--- EXERCISE ---
Print every entry below again exactly as written, skipping the pictures.

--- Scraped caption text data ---
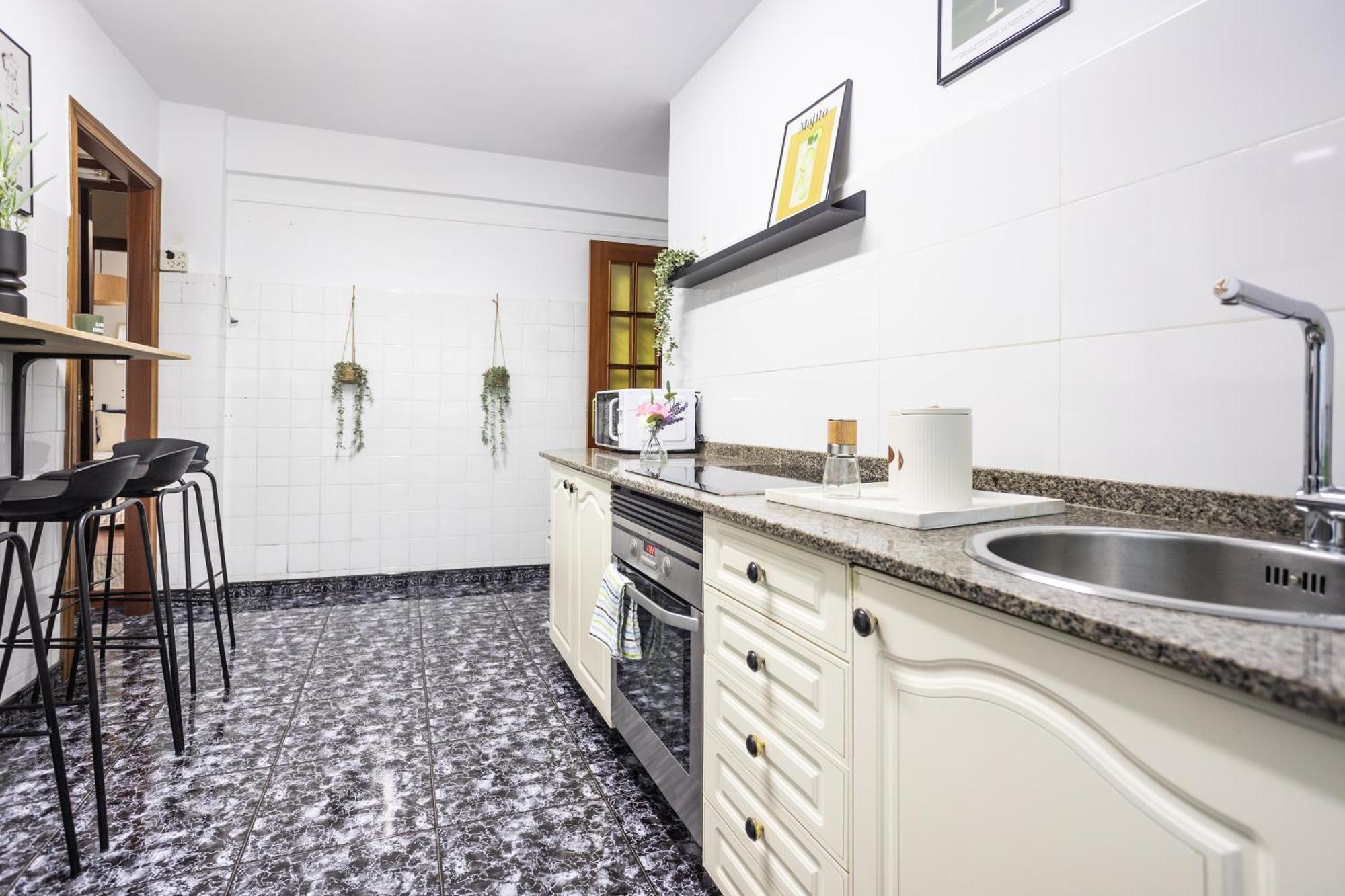 Llaneza 51 Espacioso Playa Y Centro A Pie Apartamento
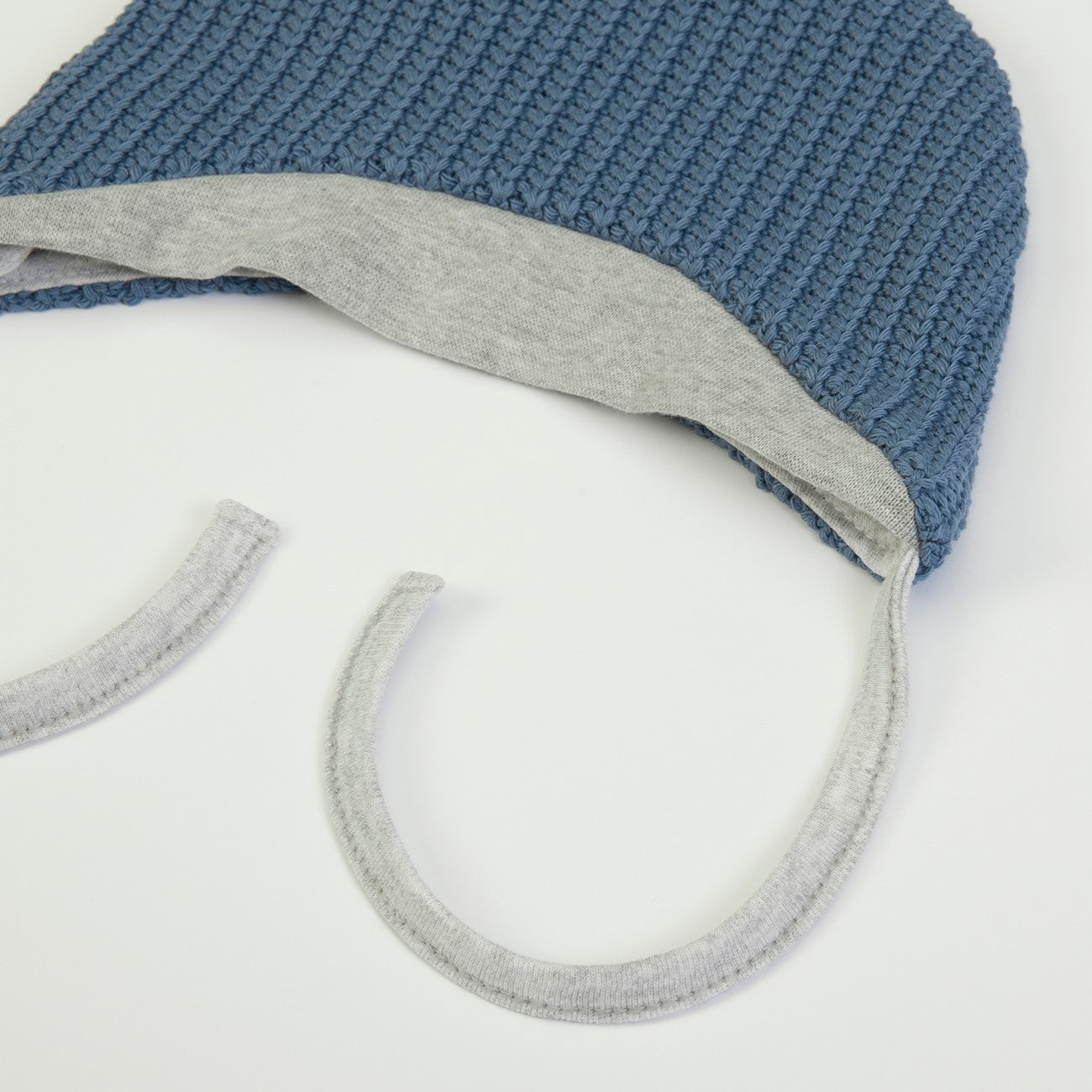 Cappellino Neonato in Tessuto Maglia Blu - laccetti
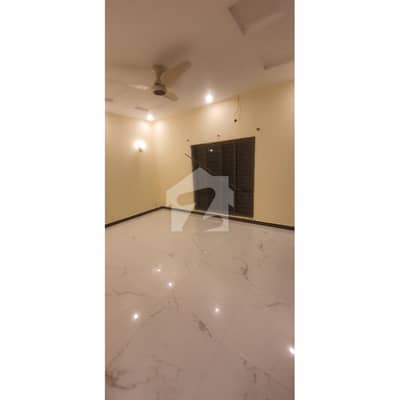 5 Marla Ful House For Rent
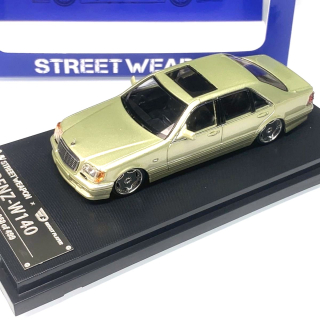 Mercedes-Benz W140 S600 gold 1:64 Street Weapon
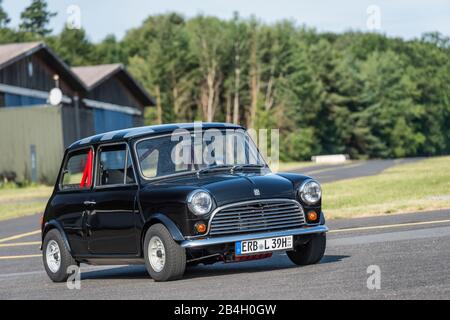 Michelstadt, Hessen, Deutschland, Innocenti-Mini-Cooper, Typ B 39, gebaut 1974,68 ps, 12275 cc, italienische Lizenzierung des Mini Cooper durch die British Motor Corporation. Stockfoto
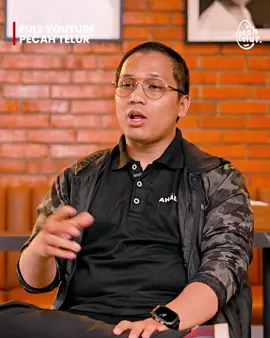 Cara Saya Dapat Ribuan Dollar di Rumah Aja, Modal Hp & Ai Kerja dari rumah, dibayar ribuan dolar, cuma modal HP dan AI ternyata bukan mimpi. Mas Rizki Ramadan, seorang guru SMK yang kini juga founder komunitas Creative Leap AI, membuktikan kalau teknologi bisa membuka peluang besar bagi siapa saja. Dari awalnya hanya berbagi ilmu desain sederhana, ia berkembang menjadi freelancer global yang project-nya datang langsung dari klien luar negeri. Uniknya, bukan skill teknis yang jadi kunci, melainkan kreativitas dan kemampuan memanfaatkan AI sebagai “super team” yang siap membantu kapan saja. Jangan lewatkan insight dan tips berharga dari Mas Rizki, karena bisa jadi inilah awal perjalanan baru kamu di dunia kreatif berbasis AI. Simak cerita lengkapnya hanya di youtube PecahTelur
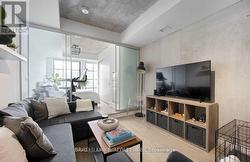 811 - 608 RICHMOND STREET  Toronto, ON M5V 0N9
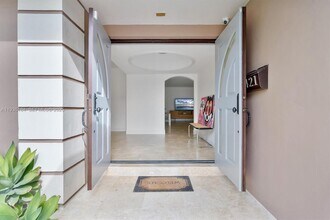 7421 SW 145th Terrace in Palmetto Bay, FL - Building Photo - Building Photo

--- EXERCISE ANSWER ---
 Llaneza 51 Espacioso Playa Y Centro A Pie Apartamento
 Cappellino Neonato in Tessuto Maglia Blu - laccetti
 5 Marla Ful House For Rent
 Mercedes-Benz W140 S600 gold 1:64 Street Weapon
 Michelstadt, Hessen, Deutschland, Innocenti-Mini-Cooper, Typ B 39, gebaut 1974,68 ps, 12275 cc, italienische Lizenzierung des Mini Cooper durch die British Motor Corporation. Stockfoto
 Cara Saya Dapat Ribuan Dollar di Rumah Aja, Modal Hp & Ai Kerja dari rumah, dibayar ribuan dolar, cuma modal HP dan AI ternyata bukan mimpi. Mas Rizki Ramadan, seorang guru SMK yang kini juga founder komunitas Creative Leap AI, membuktikan kalau teknologi bisa membuka peluang besar bagi siapa saja. Dari awalnya hanya berbagi ilmu desain sederhana, ia berkembang menjadi freelancer global yang project-nya datang langsung dari klien luar negeri. Uniknya, bukan skill teknis yang jadi kunci, melainkan kreativitas dan kemampuan memanfaatkan AI sebagai “super team” yang siap membantu kapan saja. Jangan lewatkan insight dan tips berharga dari Mas Rizki, karena bisa jadi inilah awal perjalanan baru kamu di dunia kreatif berbasis AI. Simak cerita lengkapnya hanya di youtube PecahTelur
 811 - 608 RICHMOND STREET  Toronto, ON M5V 0N9
 7421 SW 145th Terrace in Palmetto Bay, FL - Building Photo - Building Photo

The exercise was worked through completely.